The risks to academics who wade into this minefield are evident from the disputes over whether speakers with controversial views should be allowed on campuses, or whether their critics should be allowed to shout them down. And although the research under way into these same topics has attracted less notice, the people who conduct it said that they are treading carefully.
“There’s a general perception that most academics are left-leaning,” Dr Walters said. “The right-wing media and politicians have been quick to criticise us, and I think that sometimes that has had a chilling effect on what we’re prepared to say.”
In the US, nearly 60 per cent of conservatives have a negative view of higher education, according to a survey released by the Pew Research Center in July.
Meanwhile, some liberals push back on allowing conservative voices on campus.
“It’s still a very highly charged environment, even in our classrooms,” said Susan Dicklitch-Nelson, professor of government at Pennsylvania’s Franklin and Marshall College, who helps to organise the Global Barometer of Gay Rights.
Professor Dicklitch-Nelson previously taught a course called Evil Versus Good: The Struggle for Human Rights, to which she invited a one-time member of the Hitler Youth.
“I had some Jewish students in the class.
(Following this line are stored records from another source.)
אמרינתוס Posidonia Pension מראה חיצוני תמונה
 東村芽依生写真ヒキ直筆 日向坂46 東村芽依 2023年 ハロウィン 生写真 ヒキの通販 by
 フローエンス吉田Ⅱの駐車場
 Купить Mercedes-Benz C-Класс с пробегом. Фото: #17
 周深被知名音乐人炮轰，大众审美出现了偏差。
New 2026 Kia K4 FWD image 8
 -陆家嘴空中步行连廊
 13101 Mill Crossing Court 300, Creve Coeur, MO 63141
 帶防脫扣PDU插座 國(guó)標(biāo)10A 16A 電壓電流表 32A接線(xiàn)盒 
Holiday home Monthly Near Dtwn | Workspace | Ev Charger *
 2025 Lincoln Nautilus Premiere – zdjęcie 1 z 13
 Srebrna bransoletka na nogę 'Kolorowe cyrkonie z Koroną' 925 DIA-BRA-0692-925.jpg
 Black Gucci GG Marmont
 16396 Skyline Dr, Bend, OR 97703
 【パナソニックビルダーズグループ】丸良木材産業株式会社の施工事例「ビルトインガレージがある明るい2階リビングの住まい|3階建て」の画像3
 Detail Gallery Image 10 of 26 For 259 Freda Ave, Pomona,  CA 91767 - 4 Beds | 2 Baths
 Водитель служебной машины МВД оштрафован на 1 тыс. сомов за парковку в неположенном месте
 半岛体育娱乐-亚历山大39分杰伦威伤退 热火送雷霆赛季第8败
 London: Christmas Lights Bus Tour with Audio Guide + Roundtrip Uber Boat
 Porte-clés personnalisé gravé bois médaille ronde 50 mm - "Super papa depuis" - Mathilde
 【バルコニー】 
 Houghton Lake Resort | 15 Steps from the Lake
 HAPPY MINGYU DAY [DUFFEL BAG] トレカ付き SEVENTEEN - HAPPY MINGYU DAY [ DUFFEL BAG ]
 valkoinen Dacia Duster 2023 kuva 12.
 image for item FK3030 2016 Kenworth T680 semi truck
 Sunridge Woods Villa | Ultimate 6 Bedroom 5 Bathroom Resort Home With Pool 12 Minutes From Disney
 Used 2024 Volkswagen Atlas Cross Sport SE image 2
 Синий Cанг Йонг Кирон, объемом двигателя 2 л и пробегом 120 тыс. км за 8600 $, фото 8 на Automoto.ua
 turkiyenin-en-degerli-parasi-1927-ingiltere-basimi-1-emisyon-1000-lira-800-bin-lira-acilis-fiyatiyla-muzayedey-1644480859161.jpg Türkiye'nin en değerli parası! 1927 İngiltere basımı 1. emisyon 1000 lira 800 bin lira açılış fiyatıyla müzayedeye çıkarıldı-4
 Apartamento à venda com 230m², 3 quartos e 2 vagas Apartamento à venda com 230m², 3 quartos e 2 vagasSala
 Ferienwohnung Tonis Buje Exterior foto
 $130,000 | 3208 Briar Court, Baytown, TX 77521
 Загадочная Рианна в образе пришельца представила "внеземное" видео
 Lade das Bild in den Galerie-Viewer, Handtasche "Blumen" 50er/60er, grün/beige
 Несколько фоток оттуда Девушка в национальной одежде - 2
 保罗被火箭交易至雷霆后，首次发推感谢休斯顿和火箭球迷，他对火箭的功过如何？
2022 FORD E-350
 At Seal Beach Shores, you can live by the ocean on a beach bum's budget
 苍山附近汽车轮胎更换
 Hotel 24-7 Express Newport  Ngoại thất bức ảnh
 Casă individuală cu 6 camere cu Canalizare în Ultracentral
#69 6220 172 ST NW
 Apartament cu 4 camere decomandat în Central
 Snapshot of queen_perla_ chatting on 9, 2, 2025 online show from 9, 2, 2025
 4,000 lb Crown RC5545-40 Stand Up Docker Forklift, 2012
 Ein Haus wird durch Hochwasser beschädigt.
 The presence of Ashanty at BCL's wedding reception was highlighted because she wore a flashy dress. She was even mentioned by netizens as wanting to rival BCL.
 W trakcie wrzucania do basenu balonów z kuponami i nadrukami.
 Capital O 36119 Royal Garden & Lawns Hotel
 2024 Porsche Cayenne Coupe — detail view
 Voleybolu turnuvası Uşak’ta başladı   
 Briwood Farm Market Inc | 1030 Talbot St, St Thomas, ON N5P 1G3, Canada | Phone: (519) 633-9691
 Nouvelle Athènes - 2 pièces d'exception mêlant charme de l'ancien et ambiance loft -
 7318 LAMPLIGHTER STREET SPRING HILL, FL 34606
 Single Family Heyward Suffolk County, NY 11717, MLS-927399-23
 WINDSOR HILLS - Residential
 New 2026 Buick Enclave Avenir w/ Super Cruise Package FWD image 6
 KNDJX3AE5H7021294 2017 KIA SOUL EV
It was a little tense,” she said. “But just to be able to hear the historical perspective was an incredible teaching moment for these students.”
It also relates precisely to the events going on today, including white supremacists marching with torches through US university towns, Professor Dicklitch-Nelson said.
Hearing such perspectives is sometimes as challenging as it is essential to research into hate crimes, Dr Hoover said – especially at her Jesuit Catholic university.
“The commitment to meet people in their own context is very much part of Jesuit values,” she said. “But anybody who watches the news in their own living room, whatever their perspective, may find it very difficult to listen” to hateful views.
The Gonzaga institute publishes an international Journal of Hate Studies (one recent special issue was devoted to the role of hate in the 2016 US presidential campaign) and holds a biennial international conference on the topic.
Dr Hoover and others said they hope that, in this field, academic research can produce more than journal articles and presentations, but can also propose solutions.
“I really think so,” said Dr Hoover, whose institute had to turn people away from a filled-to-capacity gathering for people concerned about hate crimes in Spokane. “There is this incredible need to be thoughtful but also to go beyond that and be proactive.”
Dr Walters, the network co-director, agreed that “that is part of our job, actually. I don’t think we can solve the globalisation of hate, but we can bring together academics and lawmakers and policymakers and practitioners so we can address this topic together. Hate studies cannot solve the problem, but it’s a really important part of the puzzle.”